Gravel roads zigzag the island, taking you from the hostel/hotel – where you can rent kayaks, among other things – to the harbor with a small shop, and further away to nice bathing cliffs and a farm with free-range chickens. There is a sauna and also a small collection of holiday cottages for rent with an adjoining kitchen for self-catering.
A large bay west of Stora Jolpan called The Paradise gets crowded with boats during high season with skippers taking advantage of the protective formation of the surrounding islands.
Möja is one of the archipelago’s largest islands with an inland fresh water lake. The island is a little different from many other tourism hotspots in that it doesn’t seem to seek visits to the same extent. Being somewhat reserved in its attitude, you have to look for experiences here. Möja features six jetties around the island, accessible by ferry, but most of the action takes place on its eastern side.
Winding along the coastline, a gravel road takes you from the northern point, Långvik (Long Bay), where there is a shop and a hostel, down to Kyrkviken (Church’s Bay) in the south, with another hostel nearby, a good restaurant, the church and a small harbor.
Along the road lie a few other communities, all very idyllic. With most of the archipelago’s professional fishermen long gone, Möja actually houses one of the last still going – the Wikström family – which runs a seafod restaurant called Wikström’s Fish.
Bathing here takes some effort as the gravel road rarely runs close enough to water. Instead, dense forest covers the island and adds to the somewhat somber feeling in some parts of Möja. Nevertheless, this is one of the genuine parts of the archipelago with year round-residents and is well worth a visit. The island has several lodging alternatives and a taxi service.

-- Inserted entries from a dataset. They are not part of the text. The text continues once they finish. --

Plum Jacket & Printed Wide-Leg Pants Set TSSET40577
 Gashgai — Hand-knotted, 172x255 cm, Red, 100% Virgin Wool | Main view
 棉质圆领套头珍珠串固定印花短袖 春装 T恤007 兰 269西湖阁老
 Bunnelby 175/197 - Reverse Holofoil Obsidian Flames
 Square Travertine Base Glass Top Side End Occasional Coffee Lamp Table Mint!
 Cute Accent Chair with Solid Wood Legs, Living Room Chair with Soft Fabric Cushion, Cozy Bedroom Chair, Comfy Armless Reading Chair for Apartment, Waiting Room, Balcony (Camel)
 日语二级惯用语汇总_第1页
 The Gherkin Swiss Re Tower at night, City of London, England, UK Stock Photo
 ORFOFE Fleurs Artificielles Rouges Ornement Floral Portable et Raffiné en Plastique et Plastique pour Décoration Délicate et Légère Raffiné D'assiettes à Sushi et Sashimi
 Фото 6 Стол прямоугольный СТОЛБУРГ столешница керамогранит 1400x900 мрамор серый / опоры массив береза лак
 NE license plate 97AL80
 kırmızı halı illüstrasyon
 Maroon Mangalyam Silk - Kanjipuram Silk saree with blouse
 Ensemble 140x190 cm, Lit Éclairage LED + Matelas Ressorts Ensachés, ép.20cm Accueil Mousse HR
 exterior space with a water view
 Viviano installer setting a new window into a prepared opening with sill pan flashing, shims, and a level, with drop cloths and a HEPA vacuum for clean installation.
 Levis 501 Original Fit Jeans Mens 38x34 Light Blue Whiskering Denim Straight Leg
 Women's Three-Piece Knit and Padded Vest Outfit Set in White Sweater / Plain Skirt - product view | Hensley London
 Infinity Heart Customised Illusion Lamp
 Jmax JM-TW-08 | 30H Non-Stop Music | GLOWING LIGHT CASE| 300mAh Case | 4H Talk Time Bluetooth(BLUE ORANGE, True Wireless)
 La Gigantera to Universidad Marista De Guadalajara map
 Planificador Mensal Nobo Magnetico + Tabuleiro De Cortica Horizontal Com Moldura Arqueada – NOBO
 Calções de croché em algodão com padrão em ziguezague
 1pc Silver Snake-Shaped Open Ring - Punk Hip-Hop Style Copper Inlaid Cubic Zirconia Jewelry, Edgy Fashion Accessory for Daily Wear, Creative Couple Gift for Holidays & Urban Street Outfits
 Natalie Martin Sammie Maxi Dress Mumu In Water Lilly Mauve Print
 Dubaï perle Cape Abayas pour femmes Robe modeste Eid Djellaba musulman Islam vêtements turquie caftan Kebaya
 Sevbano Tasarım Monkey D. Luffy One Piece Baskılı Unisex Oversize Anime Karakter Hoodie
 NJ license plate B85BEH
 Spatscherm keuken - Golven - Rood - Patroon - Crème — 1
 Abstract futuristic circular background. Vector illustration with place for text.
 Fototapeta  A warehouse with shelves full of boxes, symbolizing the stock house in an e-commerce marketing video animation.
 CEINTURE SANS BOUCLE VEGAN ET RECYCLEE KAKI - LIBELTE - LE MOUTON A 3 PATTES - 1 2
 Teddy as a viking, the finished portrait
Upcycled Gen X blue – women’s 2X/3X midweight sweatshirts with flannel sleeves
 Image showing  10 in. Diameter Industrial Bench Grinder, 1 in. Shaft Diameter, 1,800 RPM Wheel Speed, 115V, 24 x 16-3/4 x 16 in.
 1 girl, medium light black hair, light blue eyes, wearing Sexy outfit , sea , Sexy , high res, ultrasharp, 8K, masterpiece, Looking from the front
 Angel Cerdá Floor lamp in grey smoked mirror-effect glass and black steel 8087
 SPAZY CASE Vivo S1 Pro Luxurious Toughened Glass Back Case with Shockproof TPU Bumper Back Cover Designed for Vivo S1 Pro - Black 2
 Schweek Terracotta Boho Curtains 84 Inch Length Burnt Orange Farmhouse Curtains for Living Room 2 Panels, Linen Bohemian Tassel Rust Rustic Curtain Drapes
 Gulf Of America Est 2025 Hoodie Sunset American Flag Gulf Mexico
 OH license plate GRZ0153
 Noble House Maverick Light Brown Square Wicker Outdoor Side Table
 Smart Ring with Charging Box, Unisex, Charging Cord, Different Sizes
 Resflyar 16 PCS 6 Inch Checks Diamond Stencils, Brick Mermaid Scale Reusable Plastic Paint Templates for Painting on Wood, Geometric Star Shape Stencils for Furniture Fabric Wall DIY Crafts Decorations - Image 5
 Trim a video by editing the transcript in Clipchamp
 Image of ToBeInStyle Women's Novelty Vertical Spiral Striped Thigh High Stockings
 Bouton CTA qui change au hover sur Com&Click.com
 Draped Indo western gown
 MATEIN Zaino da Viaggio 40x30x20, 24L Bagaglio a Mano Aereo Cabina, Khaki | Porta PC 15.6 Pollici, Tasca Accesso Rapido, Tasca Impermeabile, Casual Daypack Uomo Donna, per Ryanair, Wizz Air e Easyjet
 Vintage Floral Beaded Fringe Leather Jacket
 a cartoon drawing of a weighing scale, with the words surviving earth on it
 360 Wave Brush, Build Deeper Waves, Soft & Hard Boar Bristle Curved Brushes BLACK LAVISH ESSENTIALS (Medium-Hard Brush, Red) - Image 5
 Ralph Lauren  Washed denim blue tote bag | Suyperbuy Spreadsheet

Kymmendö (also spelled Kymendö)
Kymmendö might not be the most obvious choice for foreign visitors. It is hard to find any online information in English (the link above goes to a Swedish Wikipedia page translated by Google) and there are no hotels or hostels. But this beautiful island is highly interesting from a historical and literary point of view.
It is possible to make a day trip from Stockholm to Kymmendö by taking a commuter train to Handen (25 minutes), then catching bus 839 to Dalarö (20 minutes), from where a Waxholmsbolaget ferry, numbered 1951, will bring you to Kymmendö (15 minutes). The island has a restaurant/bar and a small shop which are open during summer, and the island is great for walks around the village and through airy forests.
There are no cars or real roads here. Lodging alternatives are limited if you don’t bring your own tent. A better idea is perhaps to include Kymmendö on a island-hopping tour (see links below).
Information on how to travel around the islands can be found at Visit Skärgården (Visit the Archipelago). Waxholmsbolaget and Cinderellabåtarna also have information in English, including details on all major destinations in the archipelago.